> _WHAT IS BEING ASKED_:
All of the entries should be restated word for word, but without their pictures.

(Pictures with short captions)
━━━━━━━━━━━━━━━━━━━━━━━━━━━━━━

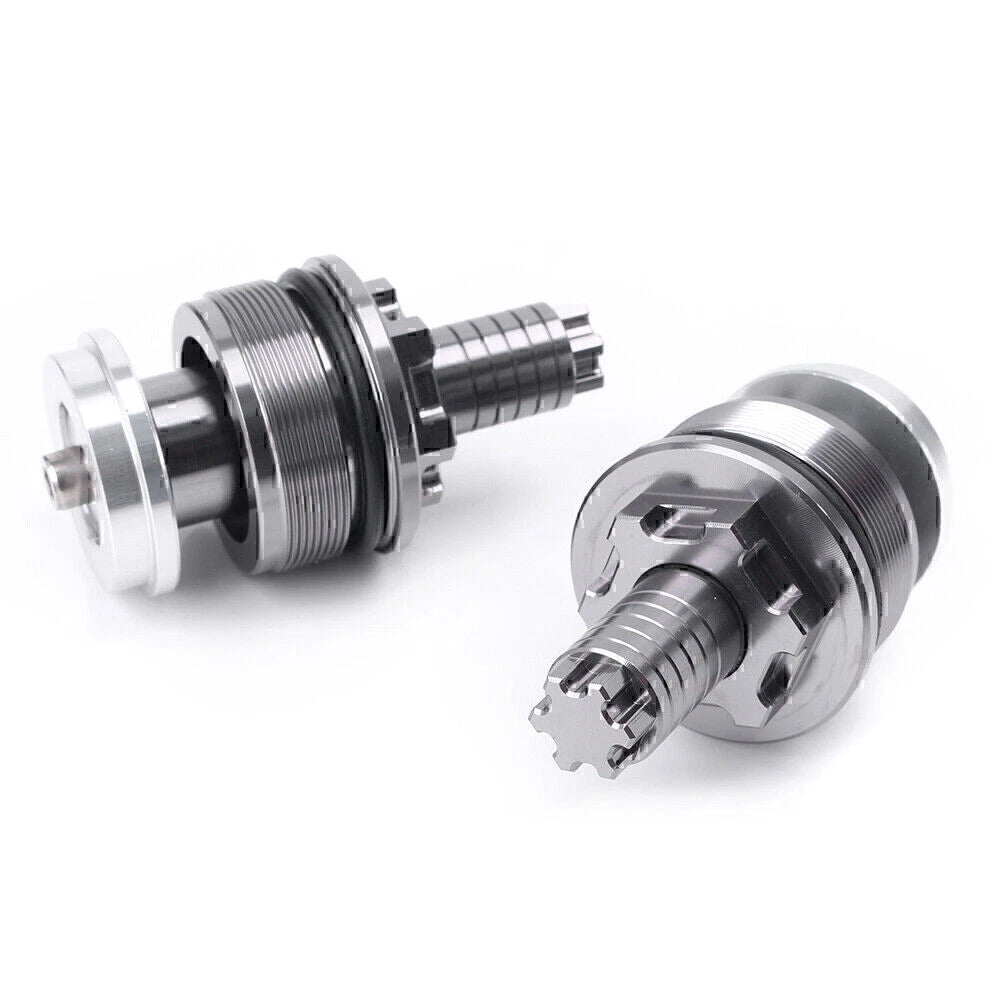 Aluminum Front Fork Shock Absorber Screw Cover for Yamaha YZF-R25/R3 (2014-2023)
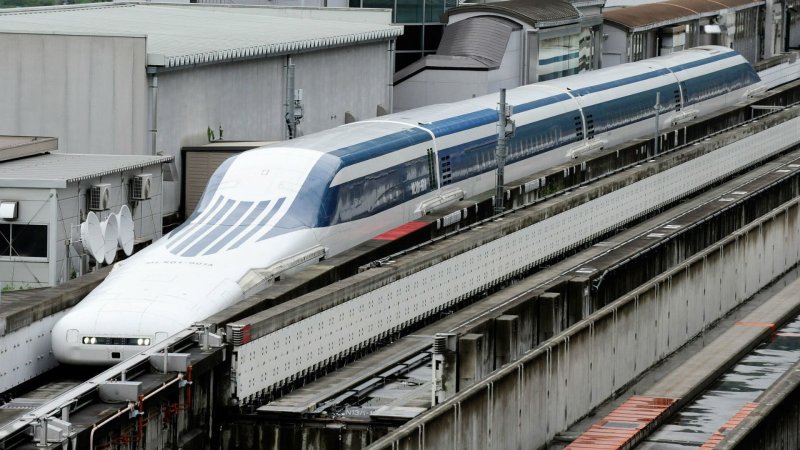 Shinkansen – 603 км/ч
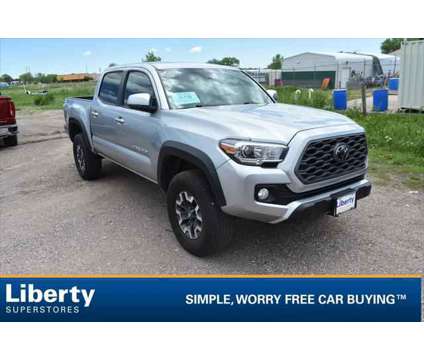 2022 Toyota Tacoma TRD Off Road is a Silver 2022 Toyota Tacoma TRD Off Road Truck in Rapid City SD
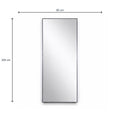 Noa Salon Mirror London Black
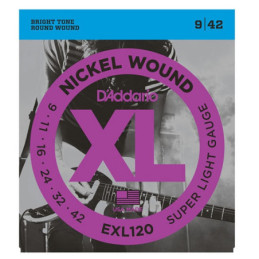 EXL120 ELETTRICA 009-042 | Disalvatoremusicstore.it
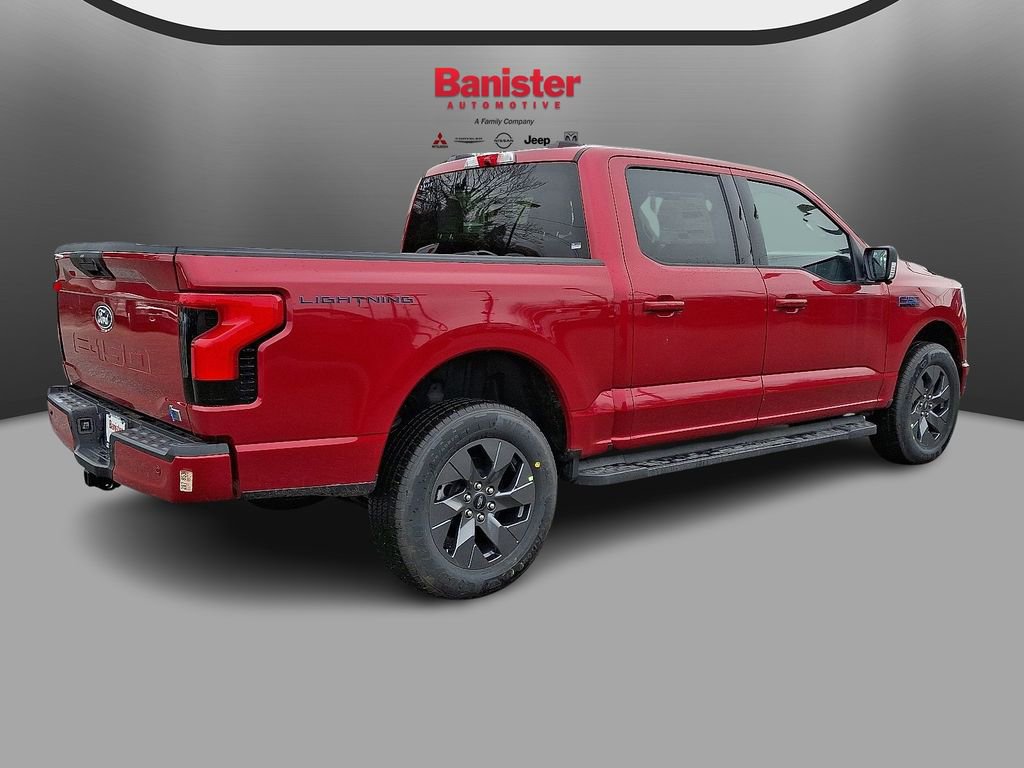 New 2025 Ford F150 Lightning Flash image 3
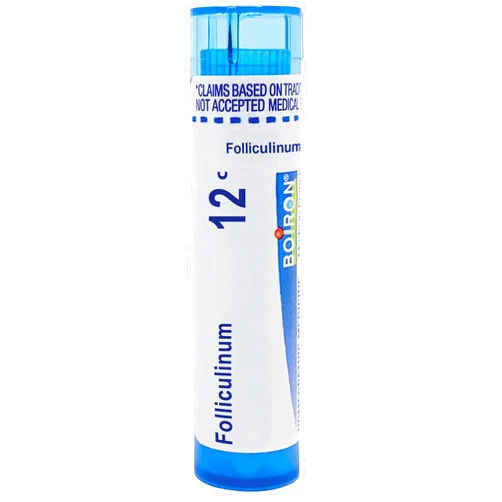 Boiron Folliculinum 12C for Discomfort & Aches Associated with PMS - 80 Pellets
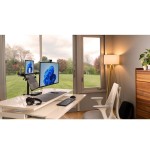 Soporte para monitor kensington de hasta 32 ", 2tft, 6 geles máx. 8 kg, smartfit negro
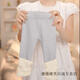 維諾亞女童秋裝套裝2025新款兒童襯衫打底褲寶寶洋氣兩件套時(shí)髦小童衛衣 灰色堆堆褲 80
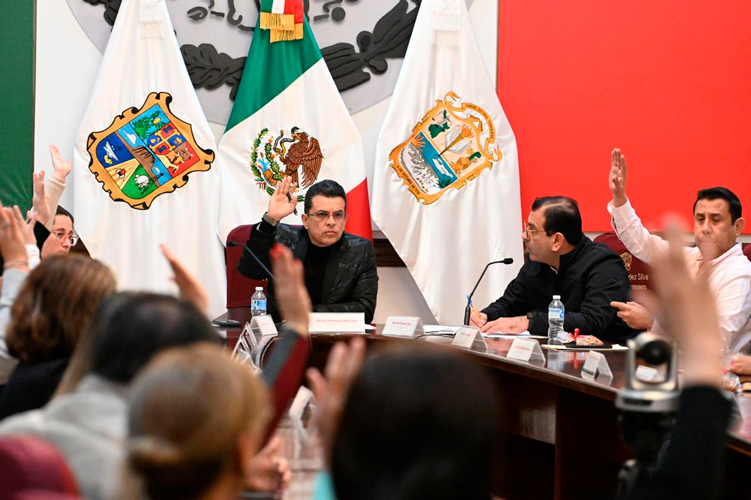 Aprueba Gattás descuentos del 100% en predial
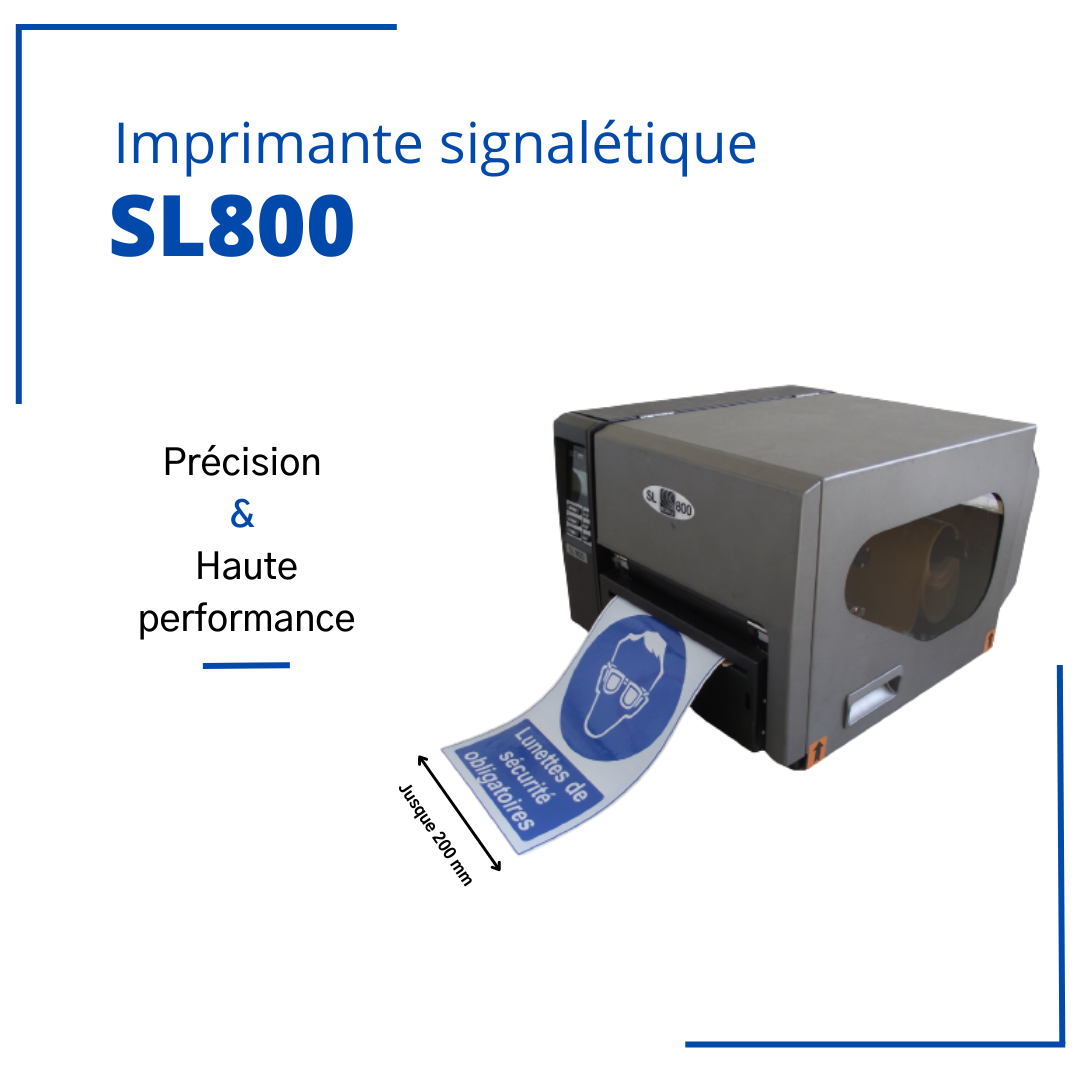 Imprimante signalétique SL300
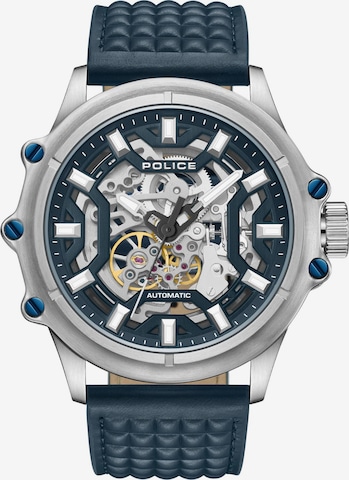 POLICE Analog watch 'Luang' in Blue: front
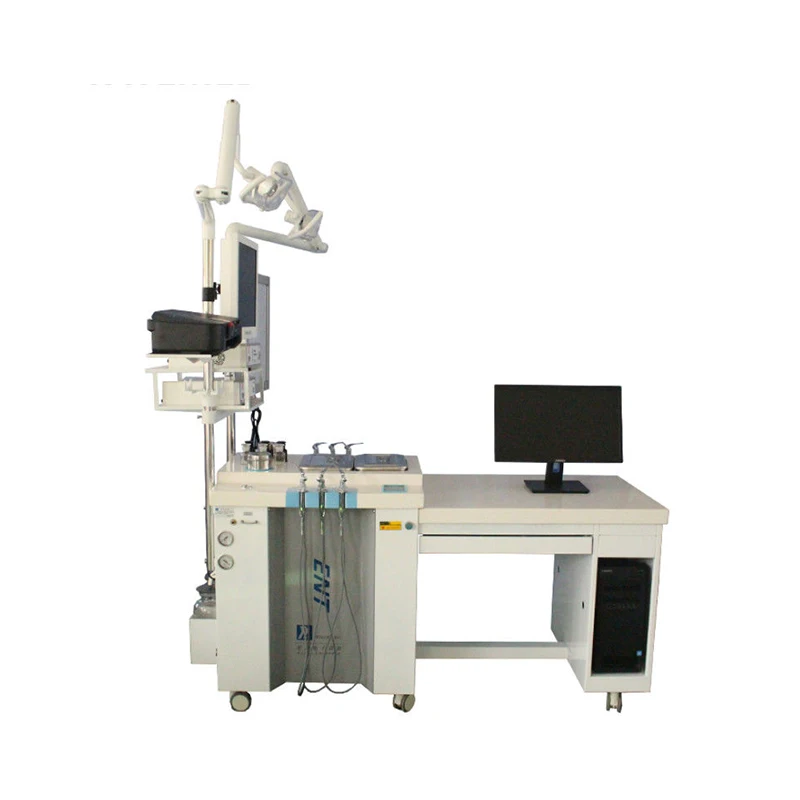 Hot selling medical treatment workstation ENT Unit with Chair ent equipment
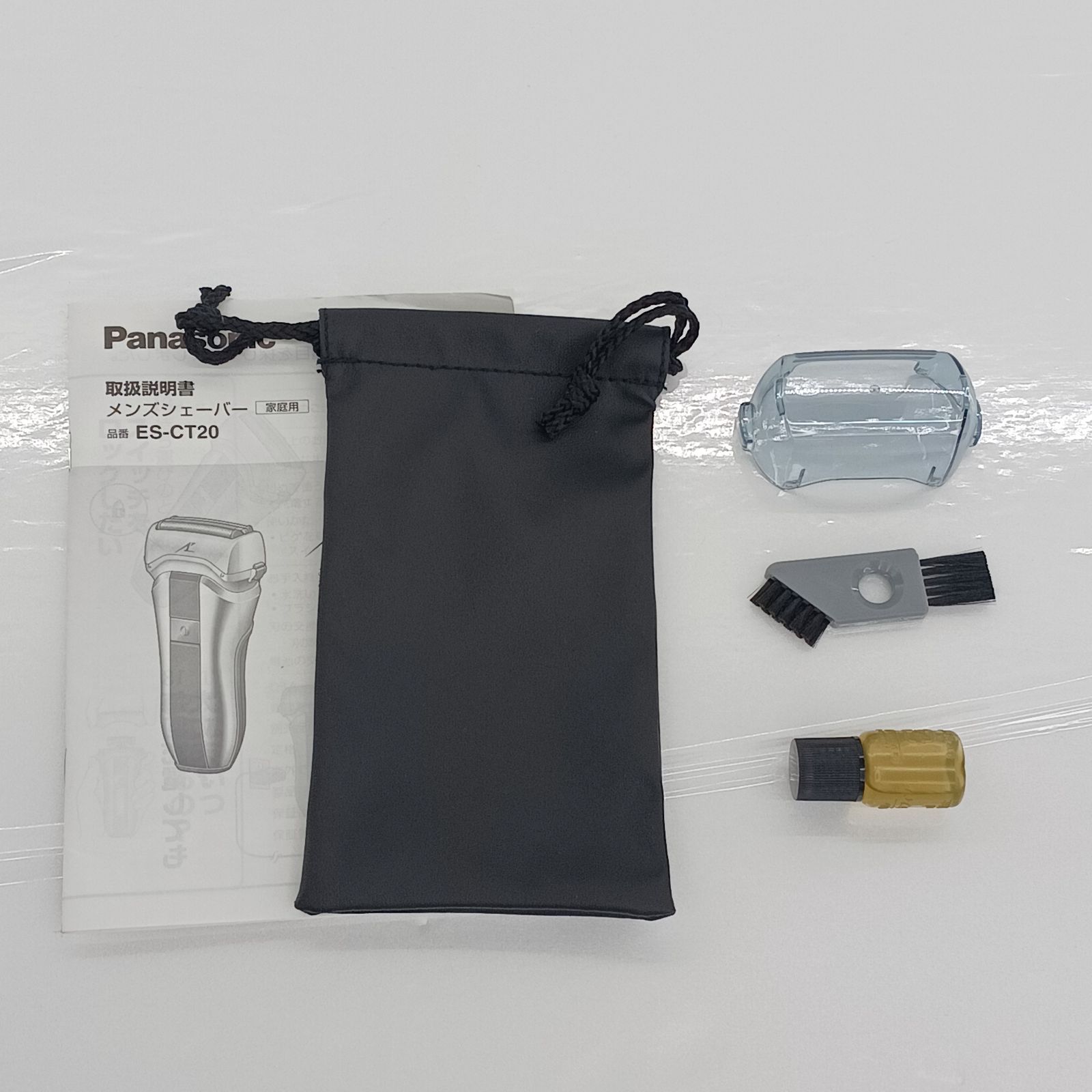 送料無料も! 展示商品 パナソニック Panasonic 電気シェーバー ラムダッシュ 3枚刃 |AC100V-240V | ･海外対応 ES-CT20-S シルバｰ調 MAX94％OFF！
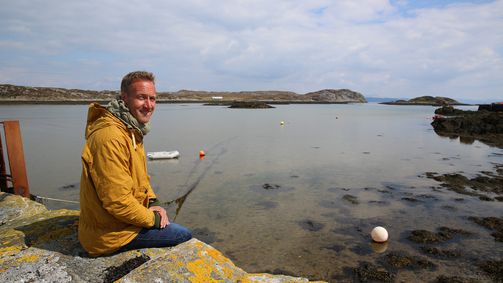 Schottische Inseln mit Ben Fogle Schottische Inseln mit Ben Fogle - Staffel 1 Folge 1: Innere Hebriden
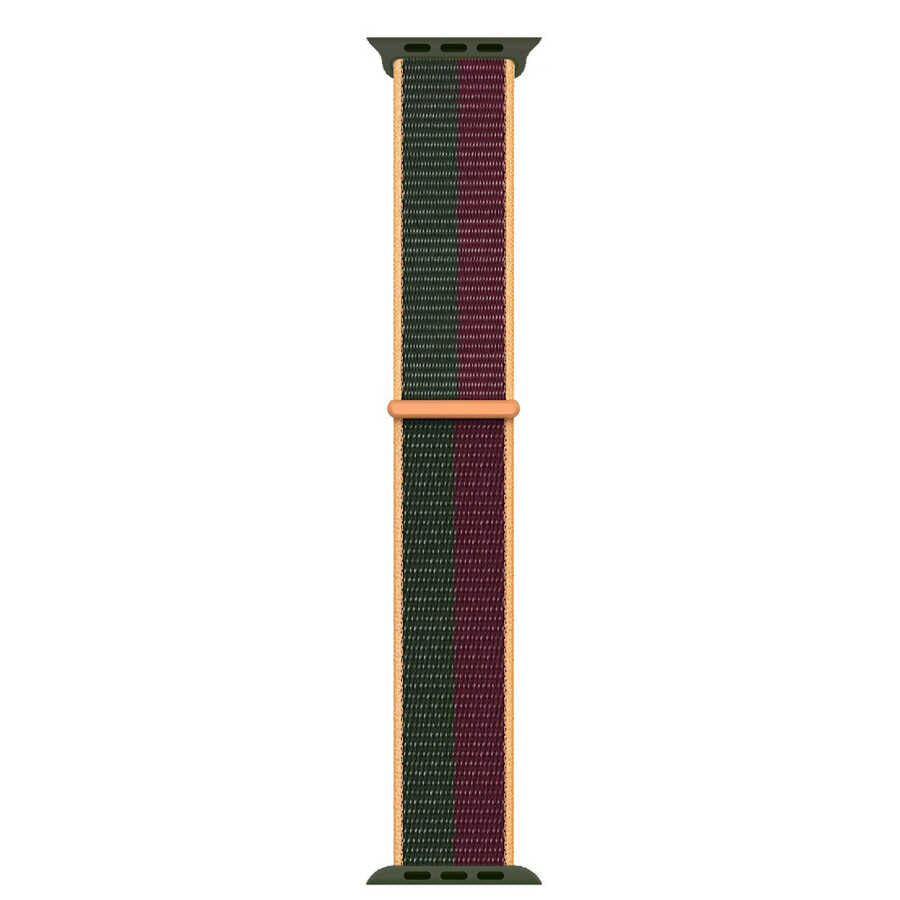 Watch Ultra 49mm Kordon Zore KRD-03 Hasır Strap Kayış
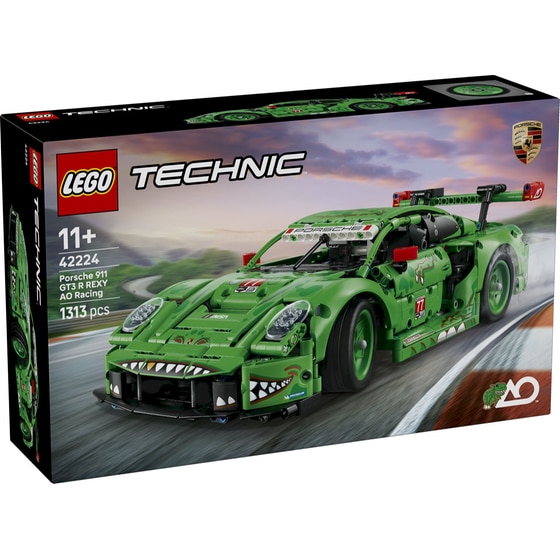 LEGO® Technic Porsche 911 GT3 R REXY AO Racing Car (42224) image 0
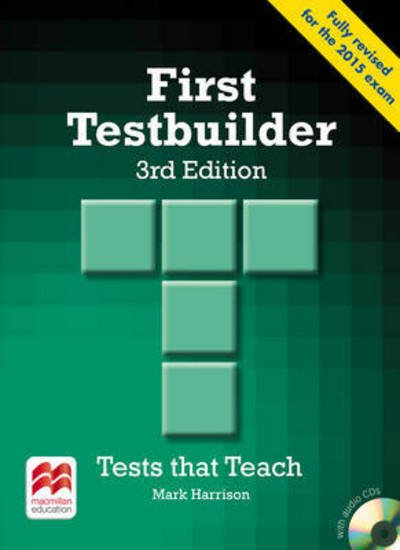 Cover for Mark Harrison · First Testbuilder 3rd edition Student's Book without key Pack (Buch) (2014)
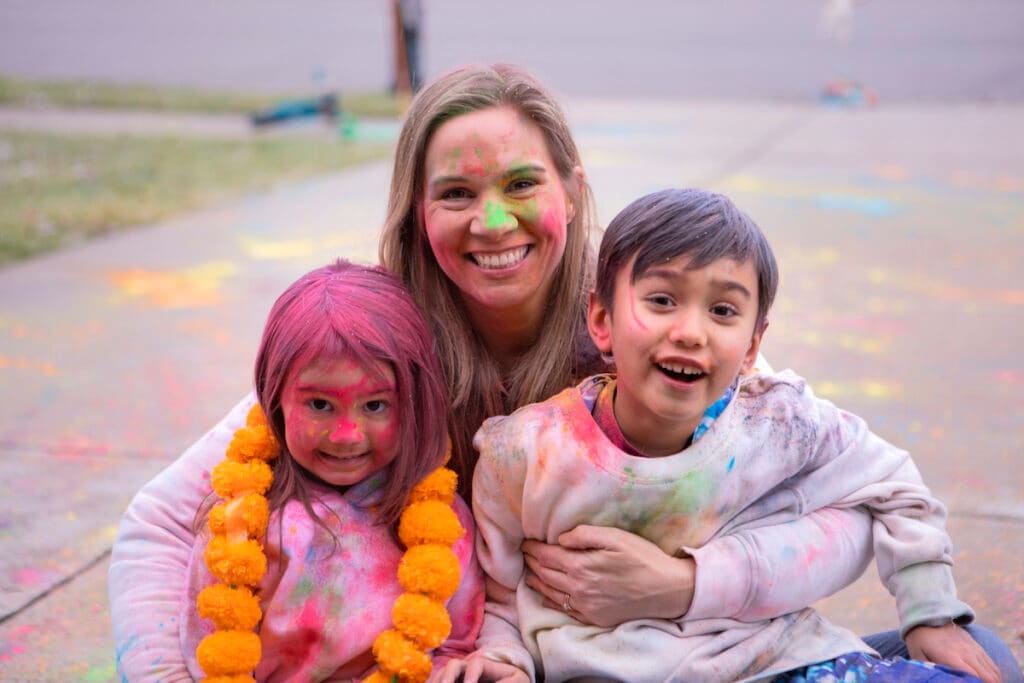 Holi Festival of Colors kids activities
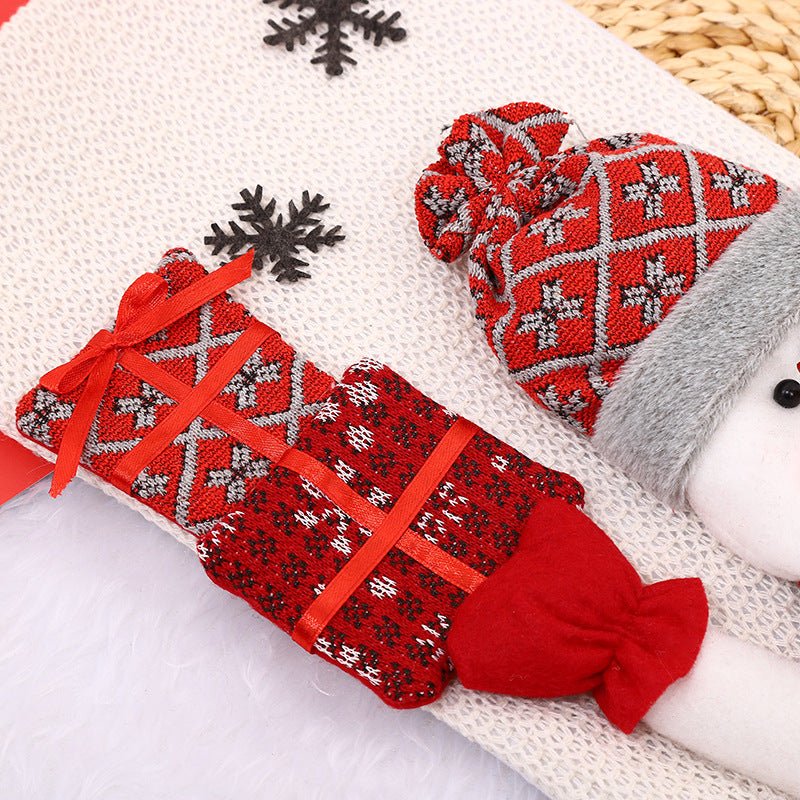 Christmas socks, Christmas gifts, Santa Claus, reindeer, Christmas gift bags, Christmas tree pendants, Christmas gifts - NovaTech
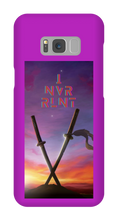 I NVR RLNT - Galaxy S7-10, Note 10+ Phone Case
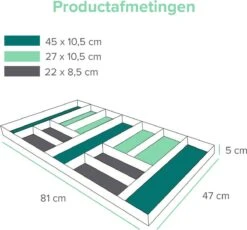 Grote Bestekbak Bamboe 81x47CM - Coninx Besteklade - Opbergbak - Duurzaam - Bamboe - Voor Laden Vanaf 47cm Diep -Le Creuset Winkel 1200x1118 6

━━━━━━━━━━━━━━━━━━━━━━━━━━━━━━

> _WORKED SOLUTION_:
 Aluminum Front Fork Shock Absorber Screw Cover for Yamaha YZF-R25/R3 (2014-2023)
 Shinkansen – 603 км/ч
 2022 Toyota Tacoma TRD Off Road is a Silver 2022 Toyota Tacoma TRD Off Road Truck in Rapid City SD
 Noa Salon Mirror London Black
 EXL120 ELETTRICA 009-042 | Disalvatoremusicstore.it
 New 2025 Ford F150 Lightning Flash image 3
 Boiron Folliculinum 12C for Discomfort & Aches Associated with PMS - 80 Pellets
 Soporte para monitor kensington de hasta 32 ", 2tft, 6 geles máx. 8 kg, smartfit negro
 維諾亞女童秋裝套裝2025新款兒童襯衫打底褲寶寶洋氣兩件套時(shí)髦小童衛衣 灰色堆堆褲 80
 Aprueba Gattás descuentos del 100% en predial
 Imprimante signalétique SL300
 POLICE Analog watch 'Luang' in Blue: front
 Hot selling medical treatment workstation ENT Unit with Chair ent equipment
 送料無料も! 展示商品 パナソニック Panasonic 電気シェーバー ラムダッシュ 3枚刃 |AC100V-240V | ･海外対応 ES-CT20-S シルバｰ調 MAX94％OFF！
 Schottische Inseln mit Ben Fogle Schottische Inseln mit Ben Fogle - Staffel 1 Folge 1: Innere Hebriden
 Watch Ultra 49mm Kordon Zore KRD-03 Hasır Strap Kayış
 LEGO® Technic Porsche 911 GT3 R REXY AO Racing Car (42224) image 0
 Cover for Mark Harrison · First Testbuilder 3rd edition Student's Book without key Pack (Buch) (2014)
 Holi Festival of Colors kids activities
 Christmas socks, Christmas gifts, Santa Claus, reindeer, Christmas gift bags, Christmas tree pendants, Christmas gifts - NovaTech
 I NVR RLNT - Galaxy S7-10, Note 10+ Phone Case
 Grote Bestekbak Bamboe 81x47CM - Coninx Besteklade - Opbergbak - Duurzaam - Bamboe - Voor Laden Vanaf 47cm Diep -Le Creuset Winkel 1200x1118 6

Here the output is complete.